PMBus support in U-Boot

This document describes U-Boot’s PMBus 1.x support: what it is for, how it is structured, and how to add support for a new PMBus chipn either from scratch from a chip datasheet or by porting an existing Linux drivers/hwmon/pmbus/ driver.

Intent and scope

U-Boot’s PMBus layer is not a hardware monitoring (hwmon) clone of the Linux kernel’s drivers/hwmon/pmbus/ subsystem. Linux owns the runtime side: continuous polling, sysfs publication, alert IRQ handling, fan control loops. U-Boot owns the boot time side.

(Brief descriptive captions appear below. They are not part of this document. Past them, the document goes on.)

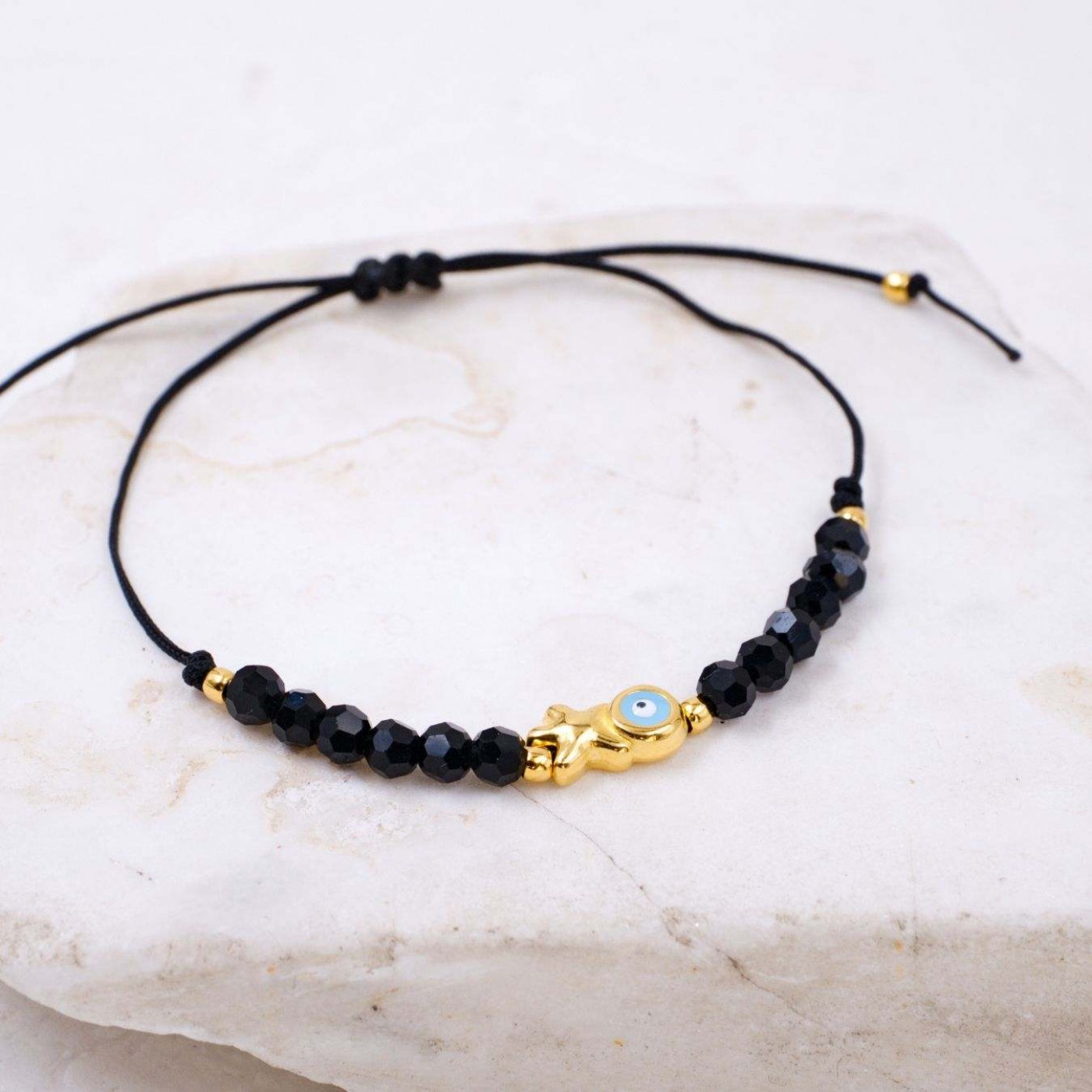 Macramé Bracelet with Gold-Plated Evil Eye & Starfish | Handmade — Bracelets from Toolittle — additional view 3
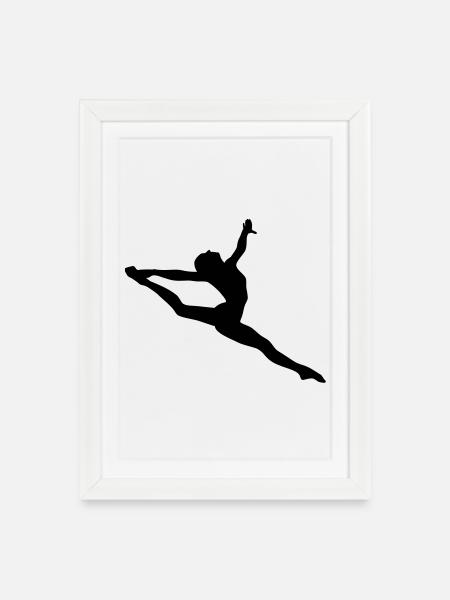 Fille de gymnastique - Affiche encadrée (27 × 37 cm) - blanc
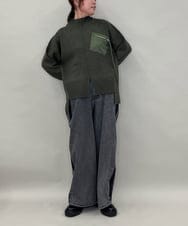 ZMFAE80089 al'aise modulation(アレーズモジュレーション) 異素材ポケットニットプルオーバー カーキ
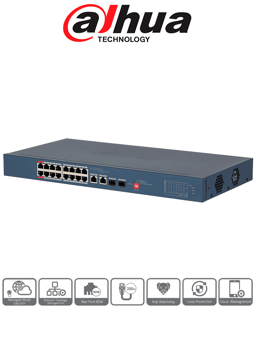 Switch Dahua DH-CS4218-16ET-240 de 18 Puertos/Administrable/Gigabit Ethernet 10/100/1000/7.2 GBIT/S/Negro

Concretely the U-Boot PMBus support exists to:

  • Identify the PMBus regulator(s) a board carries at boot: MFR_ID, MFR_MODEL, MFR_REVISION reads, plus a quick STATUS_WORD sanity check.

  • Print telemetry so an operator can confirm rail voltages, input current, and temperature before handing off to the kernel. One shot reads, on demand, via the pmbus and regulator U-Boot commands (pmbus dev <name>; pmbus telemetry, regulator dev <name>; regulator value).

  • Decode chip alerts when a rail trips an over/under voltage, over current, or thermal threshold; so a boot log shows why the previous boot failed, before the kernel even comes up.

  • Optionally trim a critical rail (typically the SoC core) before the kernel takes over; “set the voltage prior to a kernel boot to better protect the board”. This is the existing board/nxp/common/vid.c AVS path and any future per board speed binning trim.

Out of scope, by design:

  • No periodic polling. No worker thread. No background updates.

  • No sysfs / procfs / userspace surface. U-Boot has none.

  • No fan speed control loop. The kernel runs that.

  • No long tail of virtual sensor registers (PMBUS_VIRT_*).

  • No sensor caching / update timestamps.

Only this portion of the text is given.